Mr. Filosa on Friday did not specifically rule out the possibility of regionally refocusing or downsizing the company’s vast portfolio of 14 car brands, including U.S. brands Jeep, Ram and Chrysler, as well as Italian names Fiat and Alfa Romeo, which have underperformed domestically.

Stock chart iconStock chart icon

Stellantis listed, shared between Milan and New York

“We want to be truly in control of our brand in the sense of providing our customers with the products and technologies they say they want and need, who are currently at the center of a strategic realignment,” he said. “This is our core mission.”

Filosa said additional information about the company’s future plans will be announced at its investor day on May 21.

Friday’s announcement came days after Stellantis executives met with the company’s U.S. franchise dealers at the National Automobile Dealers Association’s annual conference and delivered the message that the automaker plans to grow sales across its U.S. brand lineup, according to two dealers who attended the meeting.

$26 billion cost

The bulk of the bill announced on Friday (14.7 billion euros) relates to realigning product plans to align with consumer preferences and new U.S. emissions regulations.

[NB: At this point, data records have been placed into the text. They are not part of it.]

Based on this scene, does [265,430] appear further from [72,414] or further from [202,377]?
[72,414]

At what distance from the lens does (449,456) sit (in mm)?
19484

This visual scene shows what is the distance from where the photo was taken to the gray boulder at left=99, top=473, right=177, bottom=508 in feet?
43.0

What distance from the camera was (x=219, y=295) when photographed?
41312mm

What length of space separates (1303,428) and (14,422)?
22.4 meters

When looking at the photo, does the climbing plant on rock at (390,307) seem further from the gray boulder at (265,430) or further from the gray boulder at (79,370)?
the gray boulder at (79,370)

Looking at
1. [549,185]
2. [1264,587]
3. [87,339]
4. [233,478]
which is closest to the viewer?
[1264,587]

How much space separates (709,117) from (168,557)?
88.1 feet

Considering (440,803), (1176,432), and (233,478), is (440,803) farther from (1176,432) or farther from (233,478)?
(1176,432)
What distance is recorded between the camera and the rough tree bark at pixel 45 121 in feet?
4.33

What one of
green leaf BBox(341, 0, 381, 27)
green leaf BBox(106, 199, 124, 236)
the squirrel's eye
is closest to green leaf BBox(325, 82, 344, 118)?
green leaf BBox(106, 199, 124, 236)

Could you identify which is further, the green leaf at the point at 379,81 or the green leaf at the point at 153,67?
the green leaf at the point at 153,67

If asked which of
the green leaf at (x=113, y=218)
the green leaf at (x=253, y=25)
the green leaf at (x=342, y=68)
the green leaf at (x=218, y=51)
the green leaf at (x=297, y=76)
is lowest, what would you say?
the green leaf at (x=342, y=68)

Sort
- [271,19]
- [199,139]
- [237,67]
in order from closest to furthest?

Other costs include €2.1 billion for resizing the company’s EV supply chain, €4.1 billion for warranty costs and €1.3 billion for restructuring its European operations.

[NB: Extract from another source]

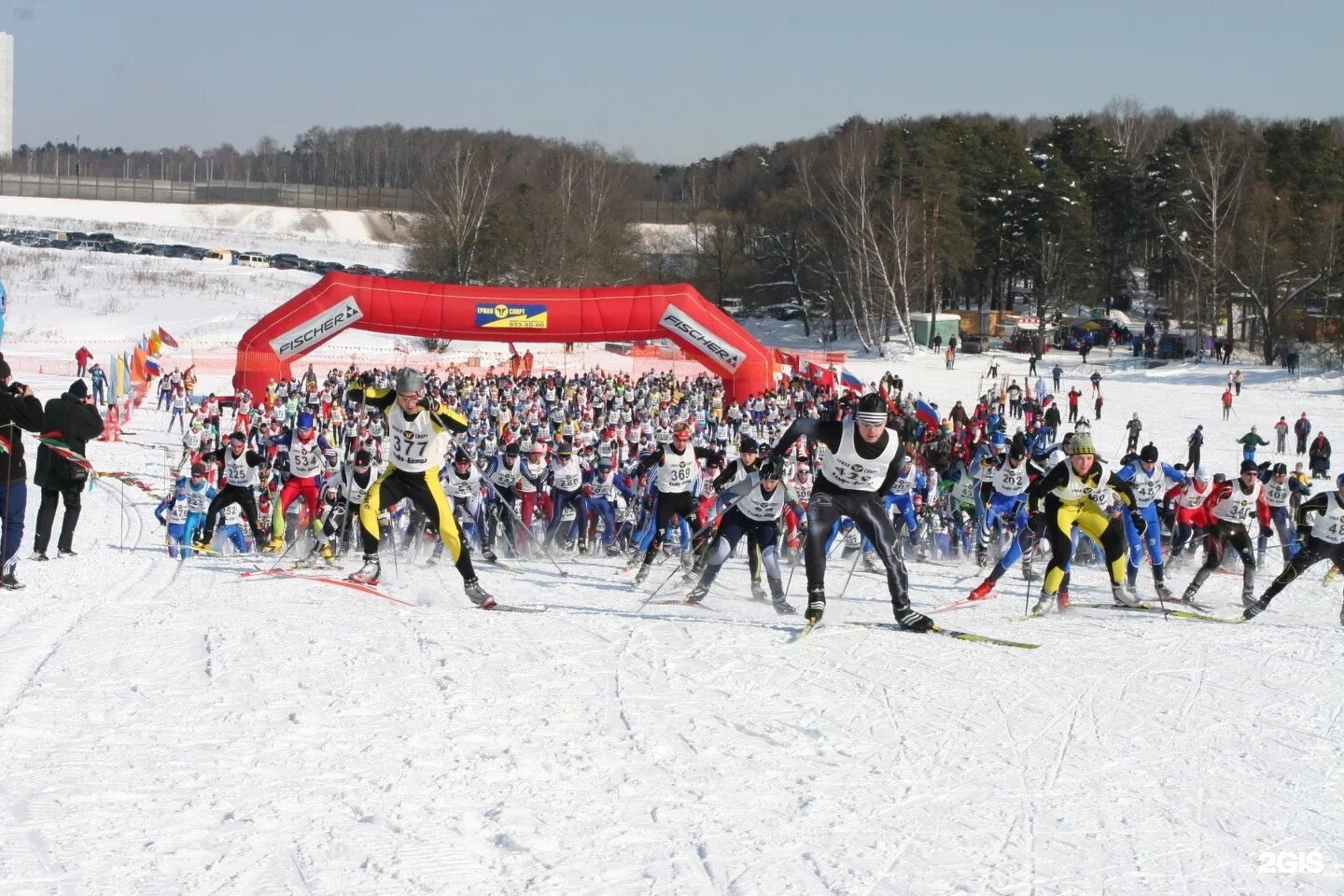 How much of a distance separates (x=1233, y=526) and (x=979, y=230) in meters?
57.9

The company also canceled its 2026 dividend and issued a €5 billion non-convertible hybrid bond.

2026 Jeep Grand Wagoneer

jeep

EV-related charges are as follows. general motors and ford motor The company announced that it would cost billions of dollars to cancel its all-electric vehicle program.

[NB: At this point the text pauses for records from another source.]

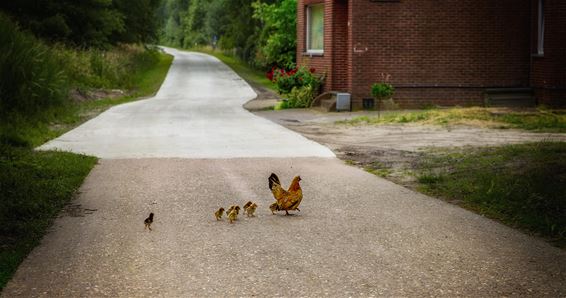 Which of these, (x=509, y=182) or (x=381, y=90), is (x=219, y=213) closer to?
(x=509, y=182)

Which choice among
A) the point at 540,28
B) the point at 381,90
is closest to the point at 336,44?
the point at 381,90

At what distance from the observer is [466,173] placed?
36.0 feet

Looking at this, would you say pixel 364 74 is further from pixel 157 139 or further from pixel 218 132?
pixel 157 139

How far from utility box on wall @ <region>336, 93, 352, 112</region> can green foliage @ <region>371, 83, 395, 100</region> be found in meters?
1.23

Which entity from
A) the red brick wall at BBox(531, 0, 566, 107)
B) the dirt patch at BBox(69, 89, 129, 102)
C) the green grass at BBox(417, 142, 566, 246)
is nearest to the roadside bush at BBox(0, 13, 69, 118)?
the dirt patch at BBox(69, 89, 129, 102)

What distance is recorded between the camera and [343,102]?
22.8 metres

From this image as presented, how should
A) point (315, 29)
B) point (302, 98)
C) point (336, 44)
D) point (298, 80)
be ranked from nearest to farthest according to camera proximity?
point (336, 44) → point (302, 98) → point (298, 80) → point (315, 29)

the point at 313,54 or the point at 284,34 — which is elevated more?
the point at 284,34

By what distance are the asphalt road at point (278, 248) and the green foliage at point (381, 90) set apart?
1040 cm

Ford and GM’s stock prices were not as affected as Stellantis, but the companies announced weaker-than-expected outlooks amid long-standing strategic problems.

Stellantis said it expects a net loss in 2025. In 2026, the auto giant is targeting mid-single-digit growth in net revenue and low-single-digit growth in adjusted operating margin.

“While the claims were expected, the amount exceeded those of Company F ($19.5 billion) and GM ($7.6 billion),” RBC Capital Markets analyst Tom Narayan said in an investor note Friday. “We continue to believe that STLAM is a show-me story. In the U.S., the company is losing significant market share due to its perceived high pricing and lack of product investment.”

past failures

Filosa on Friday, more than ever since he replaced Carlos Tavares as CEO in June, criticized mistakes by the company’s former leaders.

Mr Tavares, who was fired in December 2024 after disagreements with the Stellantis board, reportedly said in a book last year that the group’s French, Italian and US operations may need to be split up following pressure from major shareholders.

More than five years have passed since Stellantis was formed on January 16, 2021, through the $52 billion merger of Italian-American automaker Fiat Chrysler and French-based Groupe PSA.

The merger created the fourth-largest automaker by sales, but the company has faced significant challenges in recent years as it invests in all-electric vehicles, prioritizes profits over market share, and efforts to cut costs that hurt its products.

Under Tavares, Stellantis’ global sales fell 12.3% from 6.5 million units in 2021, the year the company was founded, to 5.7 million units in 2024. This includes a roughly 27% decline in sales in the U.S. to 1.3 million units during the same period. The automaker fell from fourth to sixth place in U.S. sales, and its market share fell from 11.6% to 8% during that time.

Stellantis’ global market share fell from 8.1% in 2020 to an estimated 6.1% last year, according to S&P Global Mobility.

Correction: According to S&P Global Mobility, Stellantis’ global market share fell from 8.1% in 2020 to an estimated 6.1% last year. Percentage features were incorrect in previous versions.